Exercise details
When you reproduce the listing, keep every word as it is and drop the pictures.

Recorded data
»»

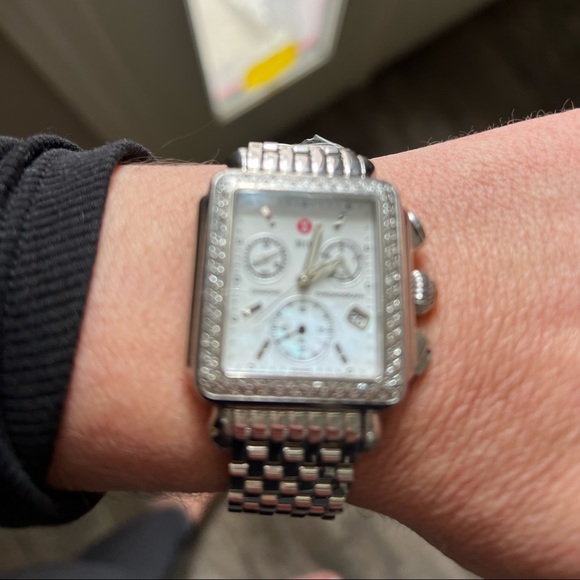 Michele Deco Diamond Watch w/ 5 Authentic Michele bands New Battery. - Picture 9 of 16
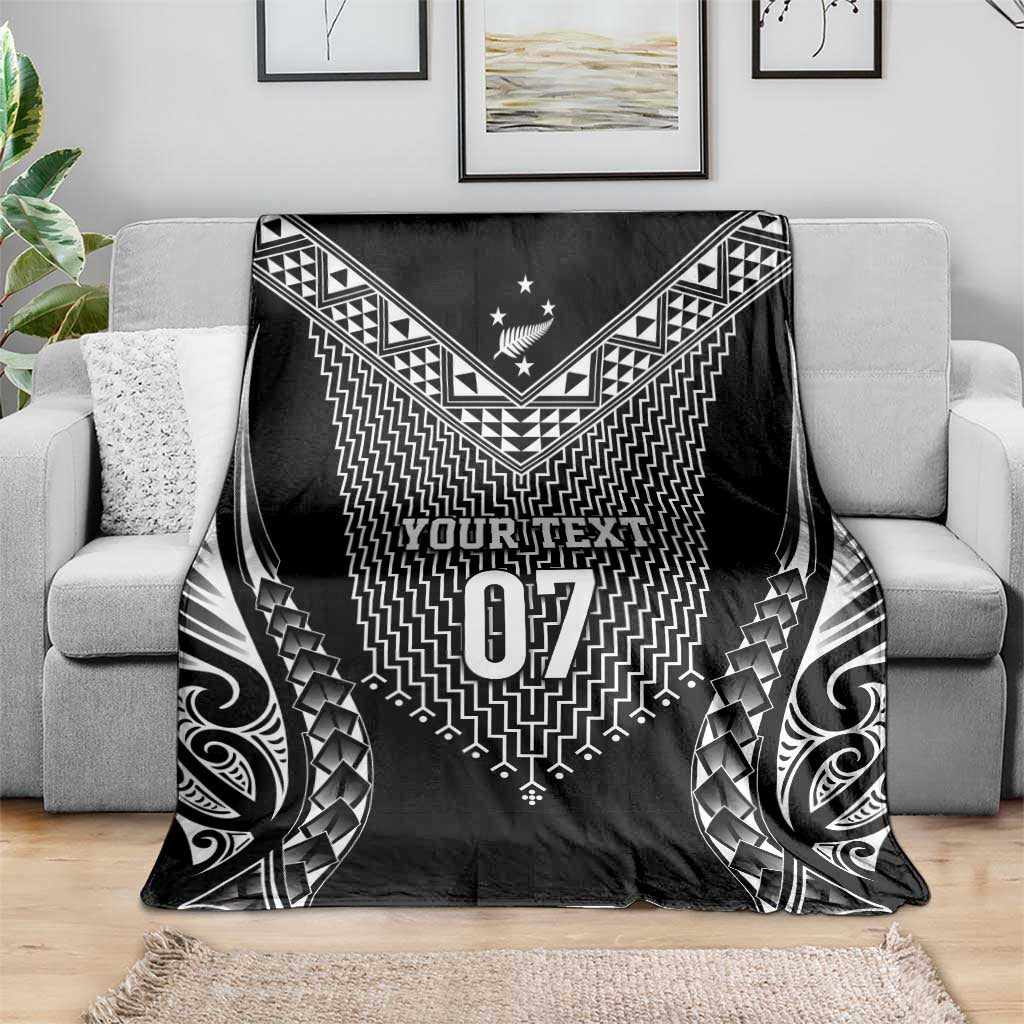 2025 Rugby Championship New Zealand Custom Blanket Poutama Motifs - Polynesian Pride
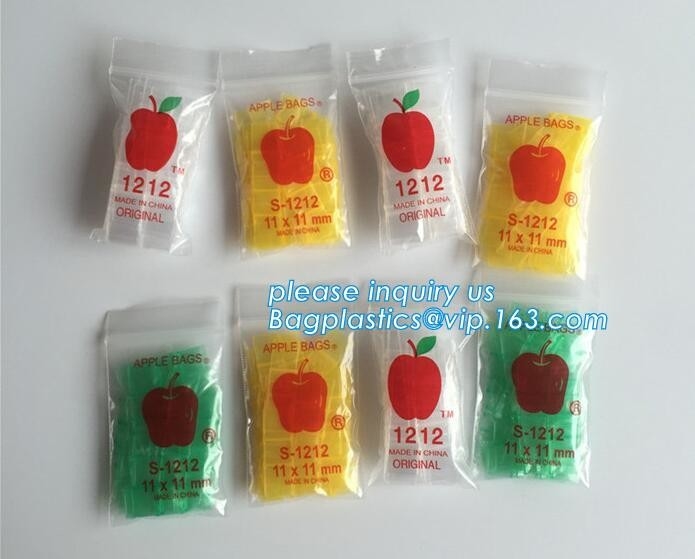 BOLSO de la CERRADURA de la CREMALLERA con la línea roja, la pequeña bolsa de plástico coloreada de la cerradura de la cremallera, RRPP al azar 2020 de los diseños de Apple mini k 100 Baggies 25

««

Response area
 Michele Deco Diamond Watch w/ 5 Authentic Michele bands New Battery. - Picture 9 of 16
 2025 Rugby Championship New Zealand Custom Blanket Poutama Motifs - Polynesian Pride
 BOLSO de la CERRADURA de la CREMALLERA con la línea roja, la pequeña bolsa de plástico coloreada de la cerradura de la cremallera, RRPP al azar 2020 de los diseños de Apple mini k 100 Baggies 25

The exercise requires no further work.